En juillet 2024, le gouverneur démocrate d’Hawaï, Josh Green, avait ratifié un texte interdisant l’extraction minière dans les eaux territoriales de cet État situé au beau milieu du Pacifique.
Anne-Sophie Roux, Août 2023, en Norvège – Crédit : Sooo.magazine – Siv Sivertsen
« Les fonds marins sont une nouvelle frontière de l’humanité, le dernier écosystème encore à peu près vierge des impacts humains. Les exploiter aurait aussi un impact culturel pour les îles du pacifique car, pour elles, les grands fonds marins sont vraiment le pilier de la création du monde » précise Anne-Sophie Roux pour La Relève et La Peste.
Comme nous l’expliquons dans Océans, nous savons mieux cartographier la Lune que les abysses qui commencent à peine à nous livrer leurs mystères. En juillet 2024, une équipe de scientifiques a découvert que les nodules polymétalliques convoités par les industriels produisent de l’oxygène à plus de 4000m de profondeur, dans le noir.

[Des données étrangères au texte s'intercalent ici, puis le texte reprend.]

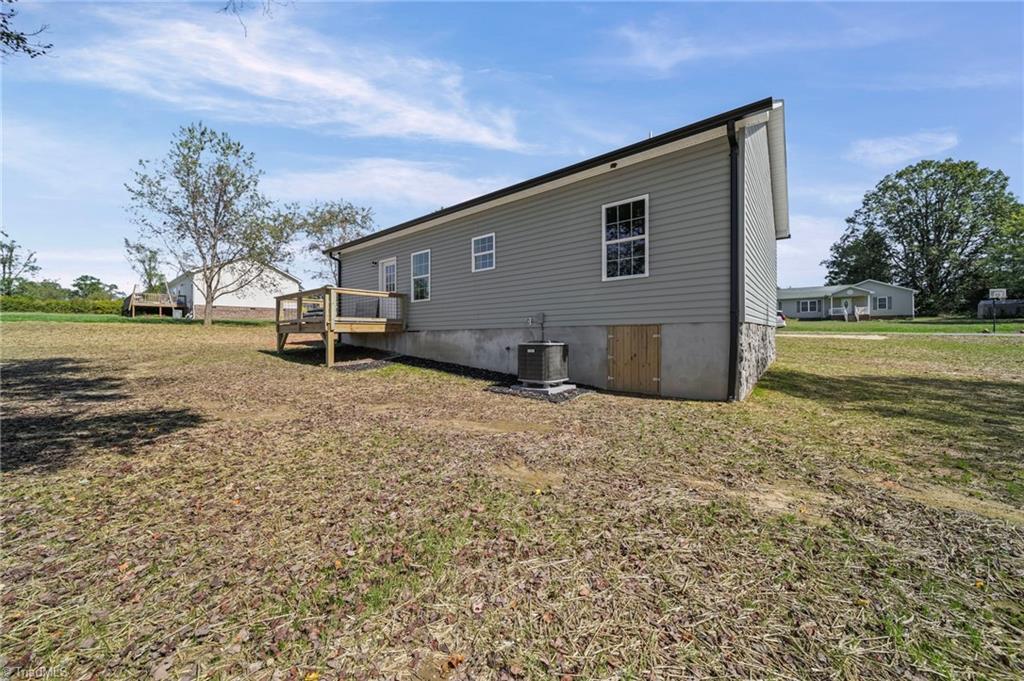 property viewer photo 7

Une découverte majeure qui rebat les origines de la vie sur Terre.
La communauté internationale a maintenant deux mois, délai donné par le décret de Trump, pour s’organiser et riposter avant que les premières demandes de licence d’exploitation puissent être faites.
Depuis quelques années, le mouvement pour la défense des fonds marins gagne en puissance avec une coalition de 32 pays, dont la France, en faveur du moratoire. De grandes entreprises les ont rejoints, notamment Google, BMW, Samsung et plus récemment Apple.
« En tant que 1ère puissance maritime à l’AIFM, la France a un rôle crucial à jouer pour empêcher les fonds marins de se transformer en Far West, précise Anne-Sophie Roux. Tous les projecteurs seront braqués sur elle lors de la conférence des Nations unies sur l’Océan, à Nice du 9 au 13 juin 2025. »
Forte de victoires arrachées parfois au dernier moment, comme en Norvège, la Coalition internationale pour la sauvegarde des grands fonds marins entend bien empêcher l’irréparable face à la stratégie du chaos de Donald Trump.